Touchstone Funds Group Trust
Page 2
April 1, 2010



      Our opinion, as set forth herein, is limited to the federal laws of the
United States of America and the laws of the State of Delaware that, in our
experience, generally are applicable to the issuance of shares by entities such
as the Trust.

      The Reorganization Agreement described in the Registration Statement was
approved on February 18, 2010, by the Trust's Board of Trustees.

      On the basis of and subject to the foregoing, we are of the opinion that:

      1. Upon the satisfaction of the conditions contained in the Reorganization
Agreement, the Shares that the Fund issues pursuant to the Reorganization
Agreement will be duly and validly issued, fully paid and non-assessable; and

      2. The Shares have been duly authorized for issuance by the Trust.

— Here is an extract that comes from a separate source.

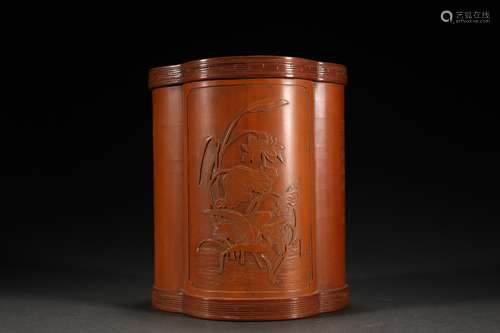 CHINESE BRUSH POT ,DECORATED WITH BIRD ,12.5X10.5X14.3CM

      This opinion is rendered solely in connection with the filing of the
Registration Statement. We hereby consent to the filing of this opinion as an
exhibit to the Registration Statement. However, this consent does not constitute
a consent under section 7 of the Securities Act of 1933, and in so consenting we
have not certified any part of the Registration Statement and we do not
otherwise come within the categories of persons whose consent is required under
section 7 or under the rules and regulations of the SEC issued thereunder.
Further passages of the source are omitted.